> **Required action**
The lines in the listing below are to be given again exactly, starting at the line holding "서울시 강서구 등촌동 대룡드림타워I 오피스텔" and ending at the line holding "耐克/Nike Court Lite 2 男女鞋老爹鞋舒适运动耐磨网球鞋 AR8836". Do not include pictures.

> **Provided entries**
^^^^^^^^
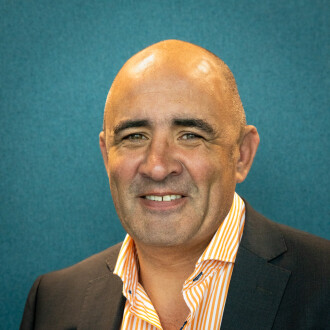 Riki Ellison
^^^^^^^^
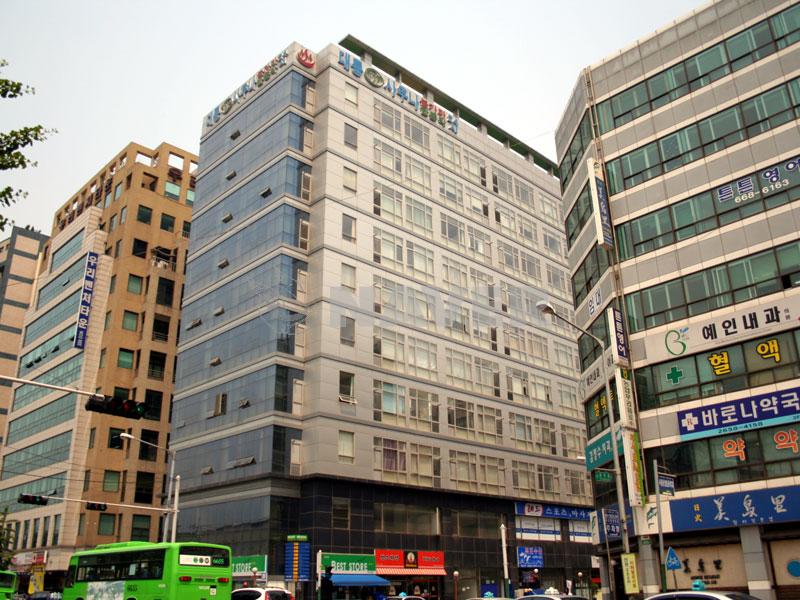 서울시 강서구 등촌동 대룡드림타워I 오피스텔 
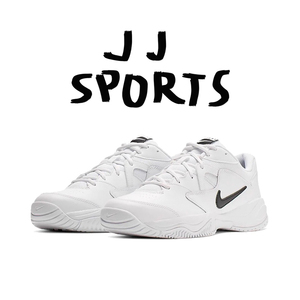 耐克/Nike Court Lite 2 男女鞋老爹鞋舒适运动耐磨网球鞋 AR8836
^^^^^^^^
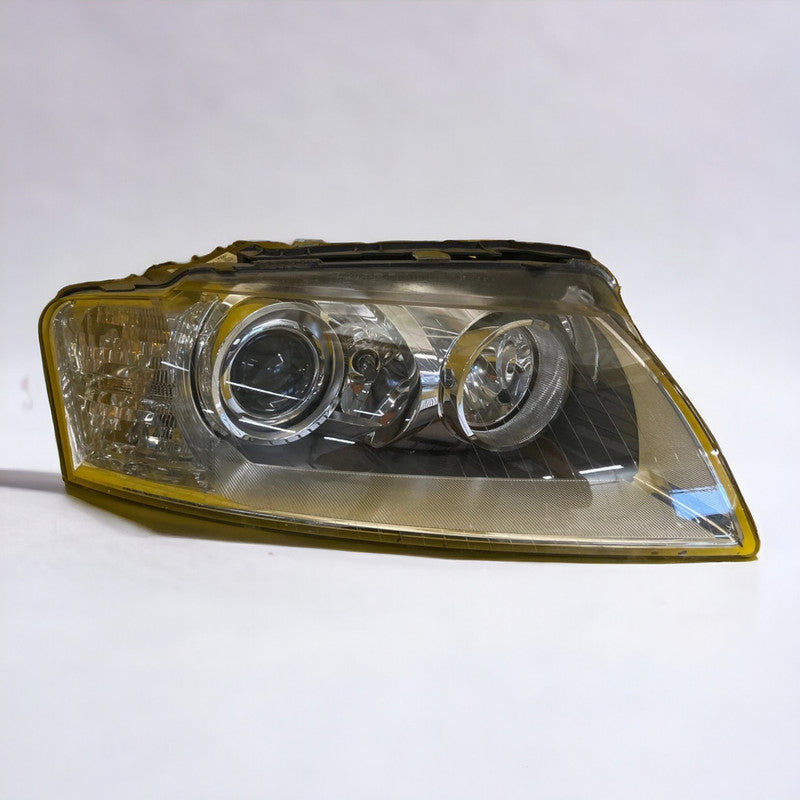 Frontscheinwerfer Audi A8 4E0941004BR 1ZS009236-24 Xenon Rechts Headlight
^^^^^^^^
> **Solution to this task**
 서울시 강서구 등촌동 대룡드림타워I 오피스텔 
 耐克/Nike Court Lite 2 男女鞋老爹鞋舒适运动耐磨网球鞋 AR8836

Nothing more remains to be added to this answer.